The industry’s fastest crossbows are surpassing the 500 fps mark, but how much speed do you actually need in a hunting rig?
Each year, manufacturers seem to squeak out a few more fps from their ultra powerful crossbows. Although the numbers are impressive and these ultra-fast crossbows tend to be more accurate at longer range, the reality is you don’t need anywhere near 500 fps for most hunting scenarios.
With the proper setup and shot placement, compound bows — which average 300-350 fps — can accomplish complete pass-throughs on most big game. And bowhunters have been killing bucks with 150-175 fps recurves since long before our time.
So while the extra speed is always nice to have, it’s not truly necessary to get the job done. And those added fps might be harder on your wallet.
In fact, these lightning fast crossbows — and the marketing that goes behind them — can actually give hunters a false sense of confidence and lead to less-than-ideal shots. Just because a crossbow can punch bullseyes at 100 yards doesn’t mean you should take that same type of shot on a living, breathing animal.
If you have a need for speed and love a high-velocity setup, then go for one of the fastest crossbows available. But keep in mind it’s not the only — or even the single most important — factor to consider in a hunting crossbow.
Kinetic energy, accuracy, maneuverability, stealth — these qualities play an arguably bigger role in hunting performance than speed alone. A well-rounded package that shoots 450 fps could serve you better than one that hits 500 fps but is loud, unbalanced, and unwieldy.
In terms of speed, just about any crossbow on the market today has what it takes. Don’t get too caught up in a single spec.
4 thoughts on “How Fast Does Your Crossbow Really Need To Be?”

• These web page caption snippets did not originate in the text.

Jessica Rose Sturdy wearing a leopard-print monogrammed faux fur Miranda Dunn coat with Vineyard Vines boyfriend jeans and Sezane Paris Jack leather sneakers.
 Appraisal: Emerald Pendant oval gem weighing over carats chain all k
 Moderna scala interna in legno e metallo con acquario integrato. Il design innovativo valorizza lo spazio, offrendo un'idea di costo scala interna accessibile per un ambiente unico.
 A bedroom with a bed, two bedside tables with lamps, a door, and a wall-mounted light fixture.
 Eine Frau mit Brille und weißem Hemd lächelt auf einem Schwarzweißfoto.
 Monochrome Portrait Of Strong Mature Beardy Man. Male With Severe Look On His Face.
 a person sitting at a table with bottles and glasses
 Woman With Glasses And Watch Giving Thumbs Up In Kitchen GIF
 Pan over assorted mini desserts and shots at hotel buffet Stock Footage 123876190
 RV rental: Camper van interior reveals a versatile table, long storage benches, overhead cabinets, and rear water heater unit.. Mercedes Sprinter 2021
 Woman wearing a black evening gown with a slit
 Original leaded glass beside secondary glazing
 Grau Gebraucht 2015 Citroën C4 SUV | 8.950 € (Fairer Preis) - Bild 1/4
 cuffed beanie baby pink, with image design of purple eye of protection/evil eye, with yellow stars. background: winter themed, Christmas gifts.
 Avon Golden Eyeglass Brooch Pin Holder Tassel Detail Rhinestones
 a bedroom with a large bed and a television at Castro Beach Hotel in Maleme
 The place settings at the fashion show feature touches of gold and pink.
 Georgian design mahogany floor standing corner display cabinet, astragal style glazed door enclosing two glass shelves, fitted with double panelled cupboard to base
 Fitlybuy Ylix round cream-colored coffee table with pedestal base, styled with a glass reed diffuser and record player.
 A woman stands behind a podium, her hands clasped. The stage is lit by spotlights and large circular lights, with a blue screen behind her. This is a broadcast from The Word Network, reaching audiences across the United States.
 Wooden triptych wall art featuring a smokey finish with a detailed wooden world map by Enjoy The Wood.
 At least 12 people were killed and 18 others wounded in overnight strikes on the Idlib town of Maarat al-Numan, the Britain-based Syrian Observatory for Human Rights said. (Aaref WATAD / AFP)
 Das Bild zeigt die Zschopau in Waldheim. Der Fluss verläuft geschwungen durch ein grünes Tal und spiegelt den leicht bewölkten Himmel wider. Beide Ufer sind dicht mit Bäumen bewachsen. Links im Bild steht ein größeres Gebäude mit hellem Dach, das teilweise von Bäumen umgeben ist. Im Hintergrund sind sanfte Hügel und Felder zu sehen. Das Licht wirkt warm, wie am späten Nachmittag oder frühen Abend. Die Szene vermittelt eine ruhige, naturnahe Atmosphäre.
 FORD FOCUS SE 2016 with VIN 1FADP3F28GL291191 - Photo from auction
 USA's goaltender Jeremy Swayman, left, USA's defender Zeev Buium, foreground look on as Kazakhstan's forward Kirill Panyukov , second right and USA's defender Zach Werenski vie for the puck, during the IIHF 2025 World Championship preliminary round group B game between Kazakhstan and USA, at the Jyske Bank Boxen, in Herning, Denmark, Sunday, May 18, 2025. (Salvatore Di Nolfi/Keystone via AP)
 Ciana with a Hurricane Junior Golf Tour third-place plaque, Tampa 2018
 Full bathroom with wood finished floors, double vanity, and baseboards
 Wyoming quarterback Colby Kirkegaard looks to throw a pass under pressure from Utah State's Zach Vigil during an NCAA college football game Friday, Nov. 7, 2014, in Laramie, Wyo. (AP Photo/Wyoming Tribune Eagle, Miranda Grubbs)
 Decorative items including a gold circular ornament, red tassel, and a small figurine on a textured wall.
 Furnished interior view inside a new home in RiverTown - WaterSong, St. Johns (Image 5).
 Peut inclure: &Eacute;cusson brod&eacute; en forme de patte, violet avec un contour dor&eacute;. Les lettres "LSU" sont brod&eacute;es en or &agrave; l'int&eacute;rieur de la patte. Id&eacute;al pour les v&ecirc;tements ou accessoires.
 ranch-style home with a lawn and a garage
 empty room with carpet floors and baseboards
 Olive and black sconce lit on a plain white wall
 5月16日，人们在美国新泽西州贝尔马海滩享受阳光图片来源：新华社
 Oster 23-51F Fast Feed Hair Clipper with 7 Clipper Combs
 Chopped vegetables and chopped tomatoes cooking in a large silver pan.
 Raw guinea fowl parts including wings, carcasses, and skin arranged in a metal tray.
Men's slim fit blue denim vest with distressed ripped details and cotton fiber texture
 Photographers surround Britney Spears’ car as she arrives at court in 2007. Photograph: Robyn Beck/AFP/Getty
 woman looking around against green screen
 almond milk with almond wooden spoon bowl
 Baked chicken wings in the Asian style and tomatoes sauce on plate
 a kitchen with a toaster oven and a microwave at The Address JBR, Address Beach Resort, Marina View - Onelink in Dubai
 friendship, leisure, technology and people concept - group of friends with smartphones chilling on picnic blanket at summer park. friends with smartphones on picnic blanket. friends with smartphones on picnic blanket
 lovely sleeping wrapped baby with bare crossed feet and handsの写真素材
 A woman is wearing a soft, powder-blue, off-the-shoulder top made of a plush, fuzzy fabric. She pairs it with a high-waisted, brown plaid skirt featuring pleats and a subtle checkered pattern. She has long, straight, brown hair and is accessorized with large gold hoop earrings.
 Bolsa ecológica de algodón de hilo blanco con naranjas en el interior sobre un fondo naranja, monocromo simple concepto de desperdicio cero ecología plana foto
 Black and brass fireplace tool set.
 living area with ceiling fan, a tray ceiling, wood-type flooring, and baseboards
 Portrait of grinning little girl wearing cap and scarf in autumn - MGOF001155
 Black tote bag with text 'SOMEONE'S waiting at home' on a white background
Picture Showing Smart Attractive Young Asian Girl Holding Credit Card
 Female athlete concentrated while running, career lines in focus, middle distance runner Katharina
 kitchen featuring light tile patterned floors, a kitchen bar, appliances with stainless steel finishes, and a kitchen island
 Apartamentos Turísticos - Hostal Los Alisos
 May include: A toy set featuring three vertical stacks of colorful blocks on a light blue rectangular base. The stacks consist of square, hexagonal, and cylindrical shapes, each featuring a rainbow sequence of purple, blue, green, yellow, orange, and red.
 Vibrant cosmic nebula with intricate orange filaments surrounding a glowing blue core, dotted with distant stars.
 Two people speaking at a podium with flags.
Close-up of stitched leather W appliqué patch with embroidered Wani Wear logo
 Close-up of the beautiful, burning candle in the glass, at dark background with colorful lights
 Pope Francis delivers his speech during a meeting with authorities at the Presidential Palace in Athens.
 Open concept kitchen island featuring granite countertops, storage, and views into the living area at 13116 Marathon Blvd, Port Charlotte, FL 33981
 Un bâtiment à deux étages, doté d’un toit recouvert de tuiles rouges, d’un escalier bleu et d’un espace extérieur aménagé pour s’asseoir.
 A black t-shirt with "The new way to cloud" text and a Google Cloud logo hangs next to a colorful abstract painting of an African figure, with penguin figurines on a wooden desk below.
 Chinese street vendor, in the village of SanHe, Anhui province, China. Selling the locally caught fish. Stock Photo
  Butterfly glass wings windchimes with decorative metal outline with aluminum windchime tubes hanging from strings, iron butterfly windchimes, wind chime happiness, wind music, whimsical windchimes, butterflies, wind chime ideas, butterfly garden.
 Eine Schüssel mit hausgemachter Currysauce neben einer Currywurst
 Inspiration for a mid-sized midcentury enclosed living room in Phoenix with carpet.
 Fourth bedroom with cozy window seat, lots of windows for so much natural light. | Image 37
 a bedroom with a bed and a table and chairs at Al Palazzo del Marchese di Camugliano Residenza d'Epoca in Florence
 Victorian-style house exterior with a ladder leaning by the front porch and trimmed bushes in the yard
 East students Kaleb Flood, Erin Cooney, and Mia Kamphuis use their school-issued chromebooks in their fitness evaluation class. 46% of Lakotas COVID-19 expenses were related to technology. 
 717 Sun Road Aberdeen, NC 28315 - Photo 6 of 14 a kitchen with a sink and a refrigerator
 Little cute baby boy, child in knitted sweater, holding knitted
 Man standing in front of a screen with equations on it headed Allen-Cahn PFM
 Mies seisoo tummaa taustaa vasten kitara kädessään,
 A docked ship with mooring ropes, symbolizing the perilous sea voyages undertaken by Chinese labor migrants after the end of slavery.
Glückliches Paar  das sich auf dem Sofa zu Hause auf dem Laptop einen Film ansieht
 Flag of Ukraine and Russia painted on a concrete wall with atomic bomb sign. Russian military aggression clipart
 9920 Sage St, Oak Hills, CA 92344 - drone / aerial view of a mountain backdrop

Some expressive specs! Technology is really pushing the performance on these modern crossbows. Wonder what the (real) effective hunting range would be.
Spent a bit of time browsing through the models PA is offering. I’d be curious to test-drive a couple of them just to see what they were like.
The literature says they are quiet… relative to what? Can’t see that much power being “quiet” when shot, expect that every whitetail within 75 yards would be vacating the area. LOL!
Guessing that the bolts/broadheads would have to be carefully matched and tuned to get good flight at those high velocities.
You got me thinking about new crossbows, will check out some videos to learn more about them. I’m intrigued by mechanical devices that shoot 😉
You’re right — that “quietness” is certainly a relative term!